Index(['num_unique_truths', 'num_unique_known_truths',
       'num_unique_known_truths_findable', 'num_known_truth_observations',
       'num_unknown_truth_observations', 'num_false_positive_observations',
       'percent_known_truth_observations',
       'percent_unknown_truth_observations',
       'percent_false_positive_observations'],
      dtype='object')

The summary dataframe is a very simple single row dataframe with some summary numbers about the given observations. 

A few things to note: any observations with truths that are either unknownIDs or falsePositiveIDs are ignored when counting the number of truths that should be findable. For example, in the function call a fews cell earlier the `falsePositiveIDs` kwarg was set to `["-1"]`.

In [16]:
allTruths[allTruths["findable"] == 0].head()

Unnamed: 0,designation,num_obs,findable
12,-1,13,0
413,46529,4,0
414,L9405,4,0
415,47014,4,0
416,A8885,4,0


### Analyzing Linkages (Did I Find It?)

In [17]:
allLinkages, allTruths, summary = difi.analyzeLinkages(observations, 
                                                       linkageMembers, 
                                                       allLinkages=None, 
                                                       allTruths=allTruths,
                                                       summary=summary,
                                                       minObs=5, 
                                                       contaminationThreshold=0.2, 
                                                       unknownIDs=[],
                                                       falsePositiveIDs=["-1"],
                                                       verbose=True,
                                                       columnMapping=columnMapping)

Analyzing linkages...
Known truth pure linkages: 59
Known truth partial linkages: 0
Unknown truth pure linkages: 0
Unknown truth partial linkages: 0
False positive pure linkages: 0
False positive partial linkages: 0
Mixed linkages: 9
Total linkages: 68
Mixed linkage percentage (%): 13.235
Unique known truths linked: 46
Unique known truths missed: 366
Completeness (%): 11.165

Total time in seconds: 0.10628318786621094


The `analyzeLinkages` function returns three dataframes:
- allLinkages: each linkage is summarized as its own row. 
- allTruths: each truth is summarized as its own row. 
- summary: summary statistics in a single row. 

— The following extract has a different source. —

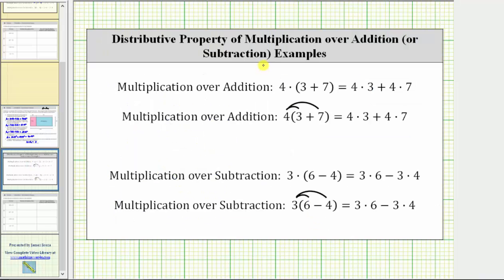Often the distributive property is called multiplication over addition or over subtraction. These first two examples demonstrate distribution, or multiplication over addition. I've shown this two ways because sometimes we will see a multiplication sign and sometimes we won't. Either way, to clear the parentheses we can distribute the 4, which gives us 4 times 3 plus 4 times 7. We often use arrows to model distribution. Similarly, we can distribute over subtraction — to clear the parentheses, we distribute 3, which gives us 3 times 6 minus 3 times 4.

Lets now take a look at each individually.

In [18]:
allLinkages.head(10)

Unnamed: 0,cluster_id,num_members,num_obs,pure,partial,mixed,contamination,linked_truth
0,1,1,5,1,0,0,,10051
1,2,1,5,1,0,0,,84162
2,3,1,5,1,0,0,,84162
3,4,1,5,1,0,0,,14299
4,5,1,5,1,0,0,,20751
5,6,1,5,1,0,0,,60892
6,7,1,5,1,0,0,,84070
7,8,1,6,1,0,0,,48687
8,9,1,5,1,0,0,,43284
9,10,1,5,1,0,0,,8111


For each cluster defined in the `linkageMembers` format, the number of unique 'truths' is counted ('num_members'), the number of unique observations in each linkage ('num_obs'), whether the linkage is 'pure', 'partial' or 'mixed', the contamination percentage (if the linkage is considered 'partial') and if the linkage is either 'pure' or 'partial' then the linked truth ('linked_truth').  

Here we briefly summarize the different linkage types possible:
- 'pure': all observations in a linkage belong to a unique truth
- 'partial': up to a certain percentage of non-unique thruths are allowed so along as one truth has at least the minimum require number of unique observations
- 'mixed': a linkage containing different observations belonging to different truths, we avoid using the word 'false' for these clusters as they may contain unknown truths depending on the use case. We leave interpretation up to the user. 

In [19]:
allTruths.head(10)

Unnamed: 0,designation,num_obs,findable,found_pure,found_partial,found
0,22014,26,1,0,0,0
1,23845,18,1,0,0,0
2,67372,17,1,0,0,0
3,01724,16,1,0,0,0
4,d6586,16,1,0,0,0
5,14562,15,1,0,0,0
6,17633,15,1,0,0,0
7,04068,14,1,0,0,0
8,38026,14,1,0,0,0
9,90337,14,1,0,0,0


The allTruths dataframe shows for each truth if it has been found in either a pure or partial linkage. If found in either it sets the found column to 1. 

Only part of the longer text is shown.